Short Courses

Coming soon

2025

  • Center for Genomic Gastronomy, Tear Taste Test (2016)

    Food & Art Histories

    Explore the profound presence and evolving role of food throughout art history in our online course, delving into the cultural, symbolic, and aesthetic significance of culinary representations across diverse artistic epochs.

    This course will be delivered by Kevin Bellò and Inês Coelho da Silva. Inês is an artist and researcher based between Porto and London. Thinking mainly through sculpture and food-making, she identifies the kitchen table as a multi-layered topos for reflecting upon shared traditions, identities and emotions, while thinking about the simultaneous acts of eating and being eaten as forms of care. Kevin is an Italian curator and researcher investigating edible knowledge, politics, and inter-species collaborations. He is co-founder of the pan-European art collective The Sympoietic Society to explore environmental activism, practices of co-creation, and healing through storytelling.
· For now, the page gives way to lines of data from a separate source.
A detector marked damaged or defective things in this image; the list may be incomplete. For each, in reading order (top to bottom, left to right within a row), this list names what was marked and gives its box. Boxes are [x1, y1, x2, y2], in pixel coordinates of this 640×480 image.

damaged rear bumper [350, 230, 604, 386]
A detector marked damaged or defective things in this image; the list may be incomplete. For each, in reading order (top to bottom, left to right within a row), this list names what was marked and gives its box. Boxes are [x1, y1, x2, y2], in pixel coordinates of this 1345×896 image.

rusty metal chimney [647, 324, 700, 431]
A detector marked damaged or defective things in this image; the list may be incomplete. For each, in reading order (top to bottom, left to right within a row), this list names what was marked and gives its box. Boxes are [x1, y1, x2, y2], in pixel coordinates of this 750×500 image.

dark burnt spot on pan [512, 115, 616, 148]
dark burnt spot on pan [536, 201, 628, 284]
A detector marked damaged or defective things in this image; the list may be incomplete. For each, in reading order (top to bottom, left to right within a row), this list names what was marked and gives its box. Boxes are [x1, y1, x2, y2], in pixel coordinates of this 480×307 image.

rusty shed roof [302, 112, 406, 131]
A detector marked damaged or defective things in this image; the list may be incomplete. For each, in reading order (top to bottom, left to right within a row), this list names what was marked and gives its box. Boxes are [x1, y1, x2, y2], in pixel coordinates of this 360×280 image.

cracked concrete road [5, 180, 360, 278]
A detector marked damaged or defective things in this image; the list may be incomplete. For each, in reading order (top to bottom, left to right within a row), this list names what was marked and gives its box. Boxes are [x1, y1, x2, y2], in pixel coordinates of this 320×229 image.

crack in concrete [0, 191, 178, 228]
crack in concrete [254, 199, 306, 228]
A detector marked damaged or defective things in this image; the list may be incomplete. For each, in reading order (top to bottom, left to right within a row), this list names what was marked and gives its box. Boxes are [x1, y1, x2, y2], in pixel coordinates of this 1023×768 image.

    Image credit: Bees (Hymenoptera: Apidae) That Drink Human Tears by Hans Bänziger et al

  • Salma Serry

    Food as Roots and Movement

    By the hand of Salma Serry, we will look at our modern culinary realm, where the origins of our food have seemingly faded, severing ties to the stories behind our meals and their broader impact. As urbanization and industrialization disrupt our connection to nature, a counter-movement emerges—urban community farms, rooftop gardens, and communal cooking workshops. Despite their sometimes romanticized appeal, these initiatives serve as vital respites, offering a bridge between urban life and the natural world. They prompt a crucial question: How can we nurture this movement through food, seamlessly weaving tradition, nature, and community into our daily lives?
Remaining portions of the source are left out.